最初は線香花火ほどに控えめだった花が、今は空いっぱいを覆う打ち上げ花火のようでした。花の匂いが立ちこめてめまいがしそうなほどです。

「ミモザです」

花の向こうからかわいらしい声がしました。生垣の向こうから、くりくりとした目の男の子がのぞいていました。その後ろに白い羽が見えます。あら、天使だわ、と花をかき分けて近づいてみると、翼男さんに肩車されたタマゴちゃんでした。

「やあ、きれいな花畑だね。でも少し切ったほうがいいんじゃないかな」

翼男さんに言われて、その通りだと思い、お隣から剪定バサミを借りてきて、さっそくミモザの枝を切りました。

(金曜日)

どういうわけなのでしょう。今朝起きてみたら、窓の外が黄色の花でいっぱいなのです。あわてて外に出てみると、ミモザの花が家を覆うようにのたくって、庭は花の迷路状態です。

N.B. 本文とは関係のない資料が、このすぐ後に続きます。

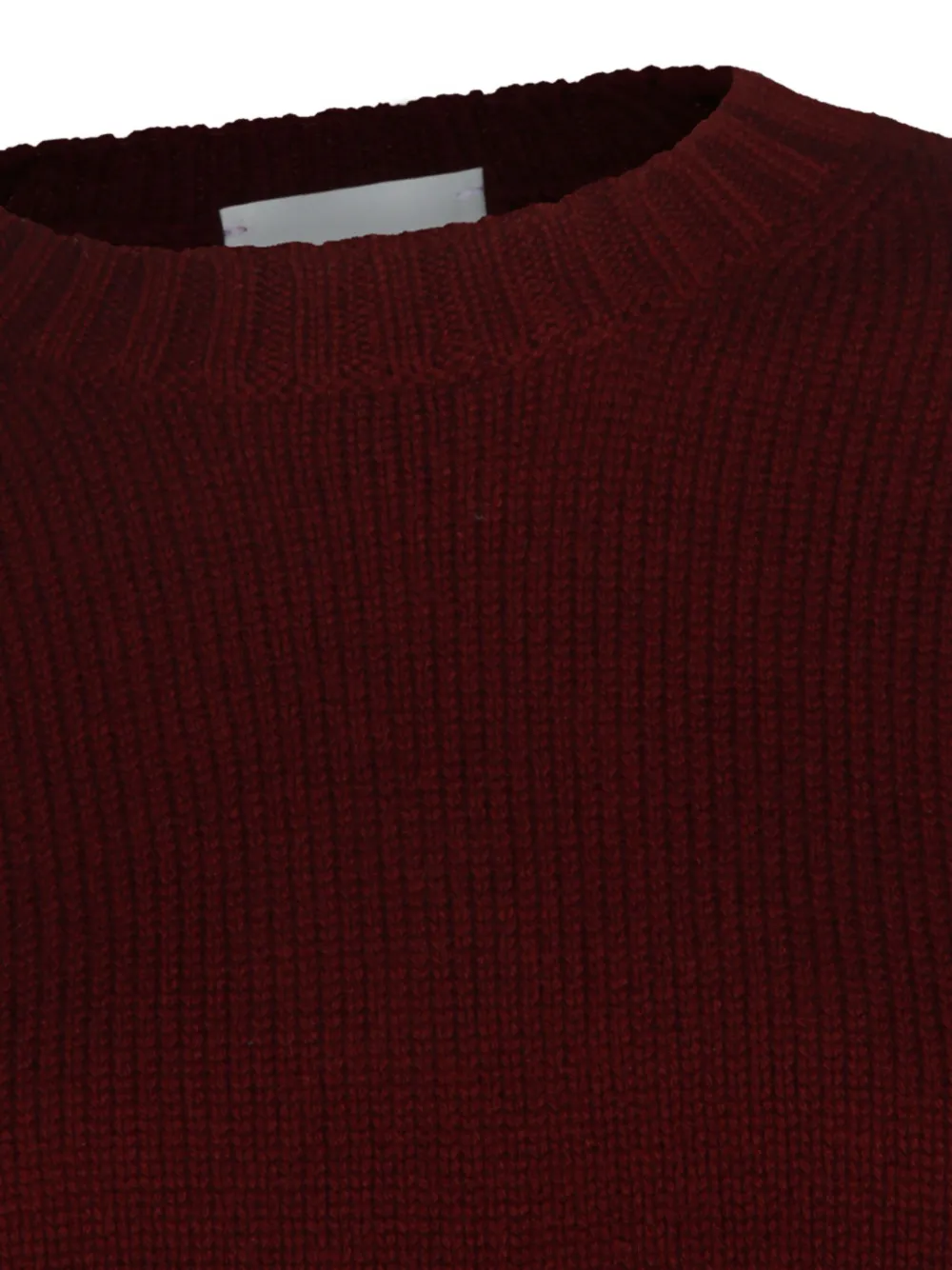 Allude Crew-neck Ribbed-knit Sweater In Red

困りきっていると花の壁の向こうから、声がしました。どうやら翼男さんのようです。

「だから切ったほうがいいって言ったのに」

「ミモザの枝ならおととい切りましたよ」

「いや、僕が言ったのは木のほうじゃなくてね、君の髪のことなんだけど」

「髪? 私の髪が何の関係があるんですか?」

「ためしに切ってみたら」

とにかくこのままでは、外へ出かけるのもままなりません。翼男さんに言われるまま、伸ばしっぱなしだった髪を肩の辺りで切りそろえてみました。

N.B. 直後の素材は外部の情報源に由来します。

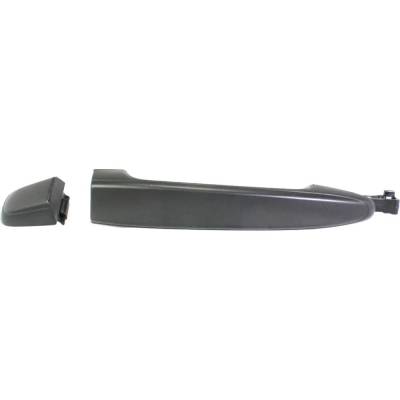 Left Rear Exterior Door Handle Compatible With 2004-2010 Toyota Sienna Primed Paintable Without Key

するとどうでしょう。窓を覆っていた黄色の花がするすると見えなくなっていきます。

外へ出てみると、暴発した花火のように暴れまわっていた黄色の花は、生垣の隅っこで何事もなかったようにつつましく咲いています。

「すっきりしただろ」

生垣から顔を出して、翼男さんが笑っていました。

少しだけ短くなった髪をなでると、ミモザの香りがしました。